DATASET SECTION
>>>>
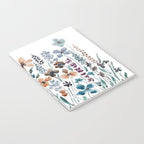 watercolor blue brown wildflower field  Notebook Gallery Image 2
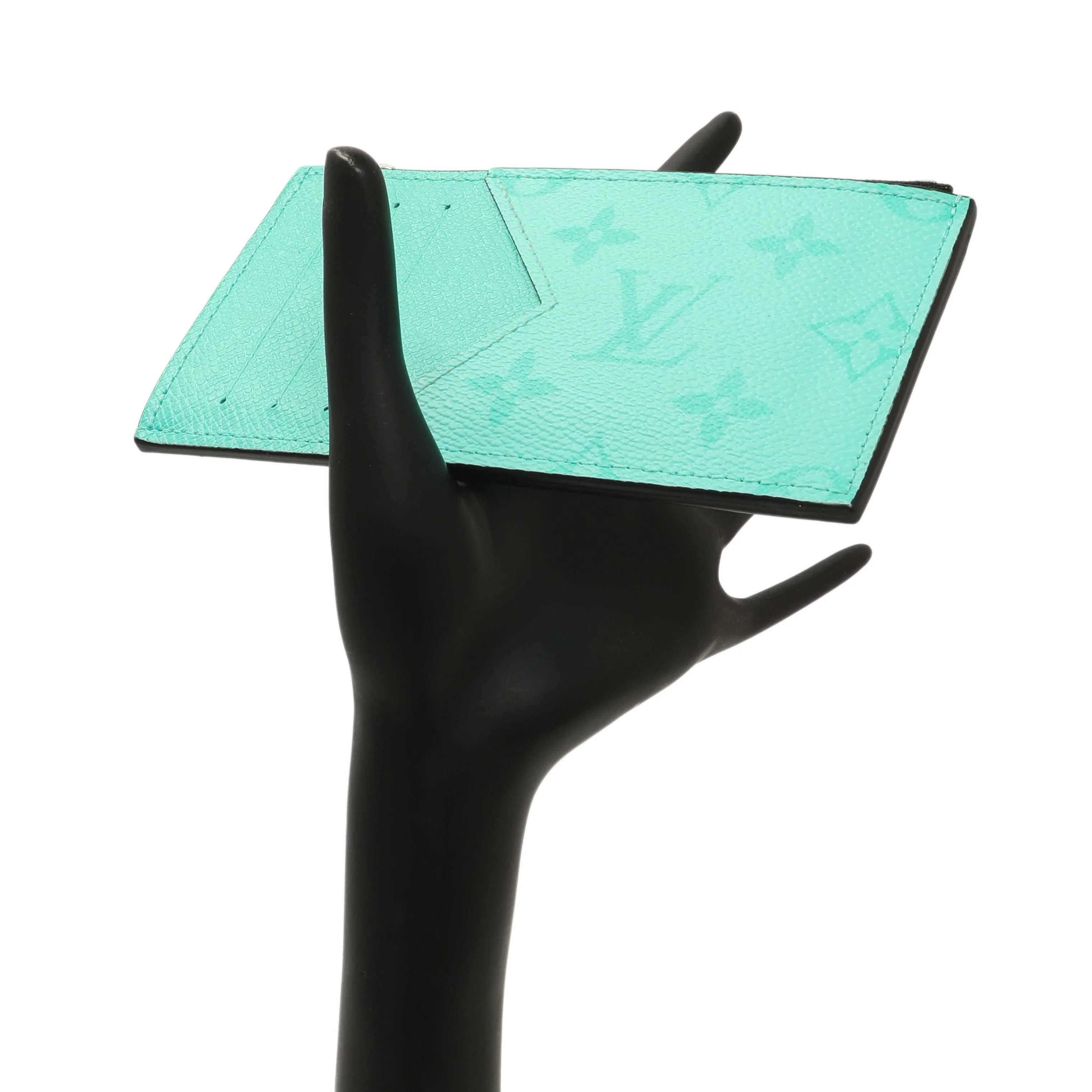 Louis Vuitton Teal Taigarama Coin Card Holder - Image 6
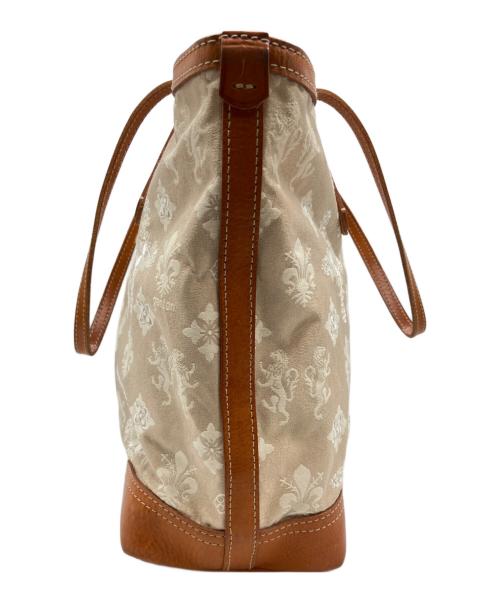 genten（ゲンテン）genten (ゲンテン) ジャガードモノグラムトートバッグ ホワイト×ベージュの古着・服飾アイテム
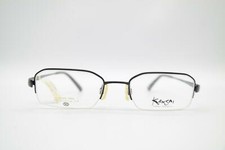 Vintage Kansai Yamamoto KY-3053 Titanium Black Half-Frame Glasses Eyeglasses NOS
<<<<
YOUR ASSIGNMENT
What you give back must match the material word for word, with no images included.

SOLUTION TO THIS PROBLEM
 watercolor blue brown wildflower field  Notebook Gallery Image 2
 Louis Vuitton Teal Taigarama Coin Card Holder - Image 6
 genten（ゲンテン）genten (ゲンテン) ジャガードモノグラムトートバッグ ホワイト×ベージュの古着・服飾アイテム
 Vintage Kansai Yamamoto KY-3053 Titanium Black Half-Frame Glasses Eyeglasses NOS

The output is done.